# Cc longevity



## gunner1000 (Mar 26, 2014)

How long do they last? Post highest miles please


Sent from my iPhone using Tapatalk


----------



## JerryVO (Dec 6, 2010)

72, 000 miles. Problems so far: 1 bad coil pack, replaced mecatronics unit, bad rear wiring harness replaced.

Sent from my SCH-I605 using Tapatalk


----------



## jsausley (Dec 2, 2011)

2,400 miles and still going strong. 

Silly thread, this completely depends on the maintenance of the car and besides that, any random issues can't really be predicted very well.


----------



## CCdave (Jan 13, 2013)

Strange thread indeed, but I understand why it was asked.

31k on my '13 and so far no issues (knocks on wood).

The dash does squeak a little on hard acceleration, but that happens so seldom that it's not an issue.


----------



## DMBAdict04 (Nov 21, 2003)

*2012*

I have a 2012 2.0T Sport with 77,500 miles on it. 

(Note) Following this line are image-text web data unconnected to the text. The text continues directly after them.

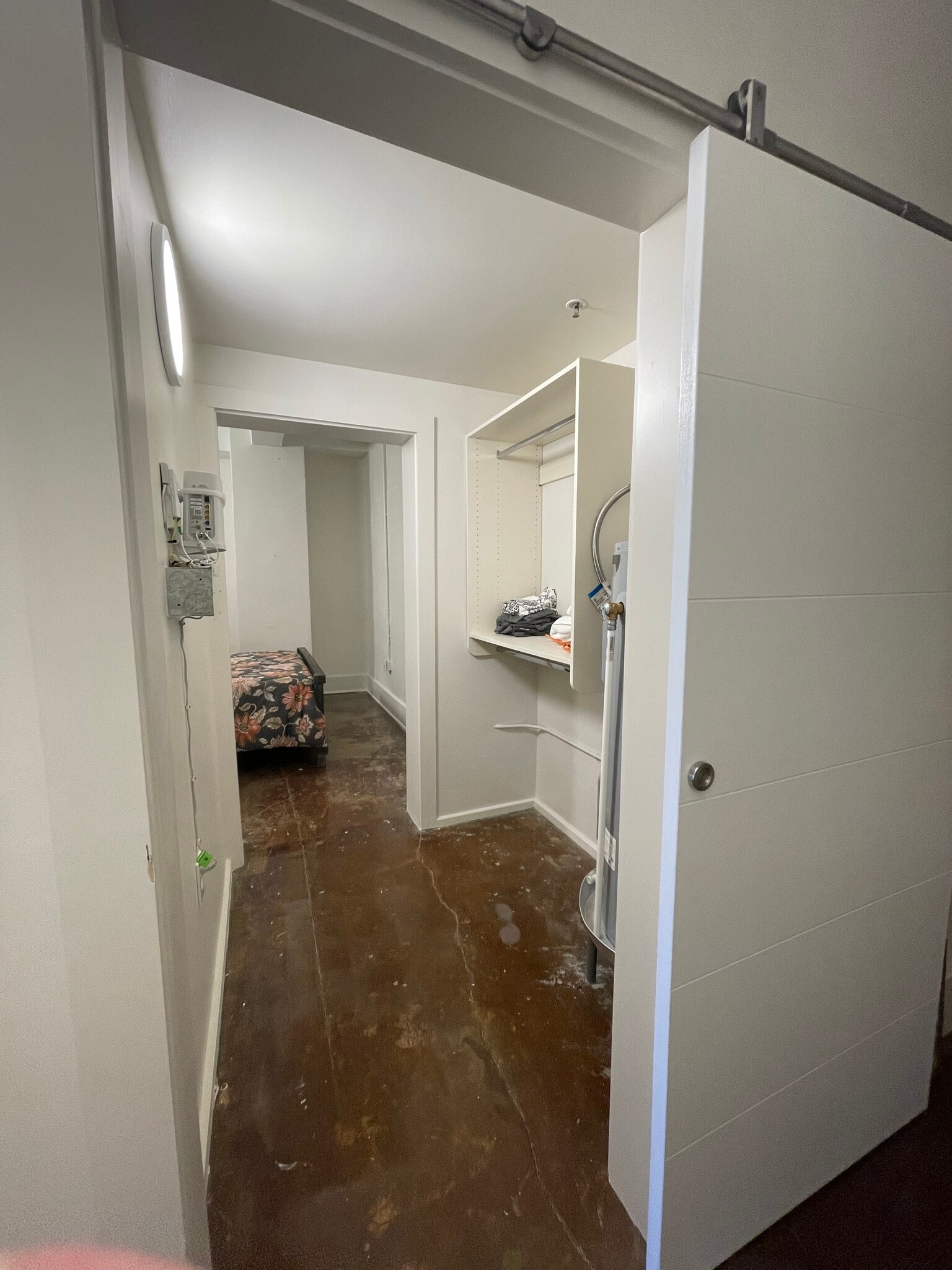 Entrance Bedroom 2 - 116 S Gay St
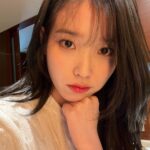 IU Instagram - 턱 괴면 사진이 잘 나오그등요🤫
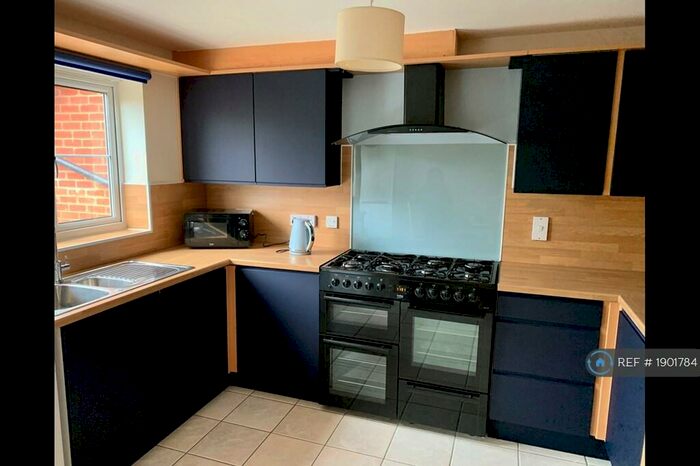 5 Bedroom Semi-Detached House To Rent In Pishmire Close, Norwich Near Uea, NR5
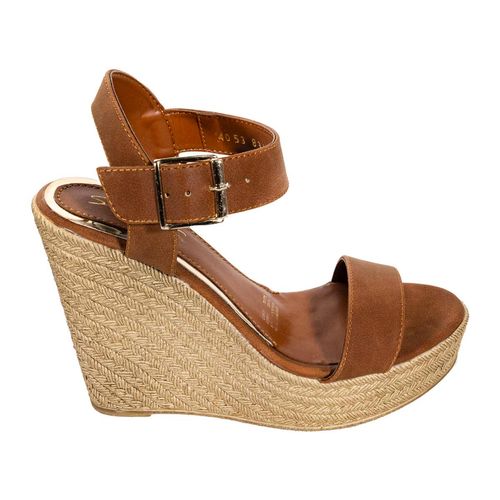 Sandalia con plataforma Senties Camel para dama 53-837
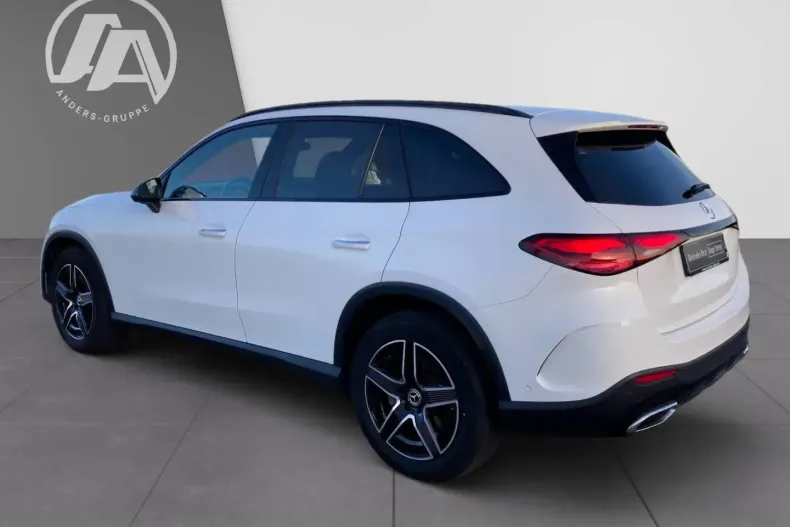 Mercedes-Benz GLC 200 din 2022 cu 61.990 km - oferta MER170472 - foto 4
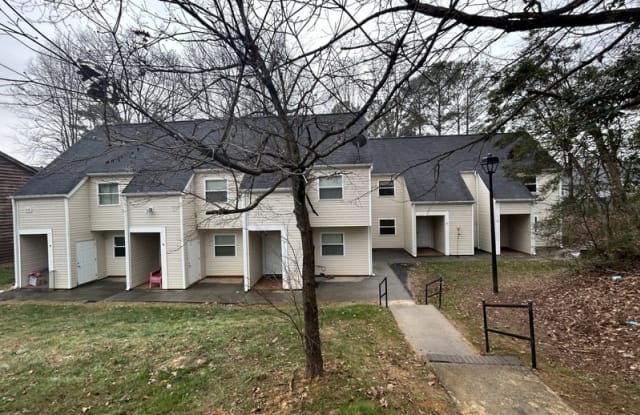 9109 Troon Ln - 9109 Troon Lane, Charlotte, NC 28214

I've been pretty good about maintenance and followed the VW Maintenance Schedule. I haven't had any issues aside from tires.

I pulled up my service records and I got 41,926 miles out of the original tires but they were really really worn down at that point. I replaced the OE tires with Continental DWS tires and they've been pretty solid. I've got 35k on them at this point and they have good tread remaining. However, I took my car in for rotation recently and they informed me the tires were cupping really badly.

So yeah, if you're buying the CC, be prepared to give the tires a ton of TLC to keep them in top shape.


----------



## Carguy10 (Nov 9, 2013)

jsausley said:


> 2,400 miles and still going strong.
> 
> Silly thread, this completely depends on the maintenance of the car and besides that, any random issues can't really be predicted very well.


I believe the OP is concerned about how the CC will hold up after a few years and some mileage >50K. Some makes began falling part at about 50K miles or so, example being a certain Nissan model I have owned before.


----------



## Converted2VW (Apr 8, 2009)

I have a *5 year old 2009 CC Lux with about 60k *on it.

Holding good so far (knock on wood) and It really has been great
Main issues have been:
- Rear passenger door leaked water (fixed under warranty)
- Slow RNS-510 (replaced under warranty)
- a fuel pump controller ($120 and replaced in 5 min)

Other than that is just tires, rear brake pads and oil changes.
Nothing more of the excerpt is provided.